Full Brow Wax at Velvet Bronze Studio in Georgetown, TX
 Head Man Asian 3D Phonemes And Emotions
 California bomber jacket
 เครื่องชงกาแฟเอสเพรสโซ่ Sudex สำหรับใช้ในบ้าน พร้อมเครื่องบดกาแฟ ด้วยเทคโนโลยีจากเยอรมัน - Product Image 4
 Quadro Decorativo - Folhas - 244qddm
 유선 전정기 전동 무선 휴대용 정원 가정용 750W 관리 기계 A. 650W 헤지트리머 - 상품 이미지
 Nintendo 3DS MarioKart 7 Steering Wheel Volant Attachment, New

##############################

Your response should consist solely of the lines from the one that holds "เครื่องชงกาแฟเอสเพรสโซ่ Sudex สำหรับใช้ในบ้าน" through the end of the listing above, reproduced exactly.

 เครื่องชงกาแฟเอสเพรสโซ่ Sudex สำหรับใช้ในบ้าน พร้อมเครื่องบดกาแฟ ด้วยเทคโนโลยีจากเยอรมัน - Product Image 4
 Quadro Decorativo - Folhas - 244qddm
 유선 전정기 전동 무선 휴대용 정원 가정용 750W 관리 기계 A. 650W 헤지트리머 - 상품 이미지
 Nintendo 3DS MarioKart 7 Steering Wheel Volant Attachment, New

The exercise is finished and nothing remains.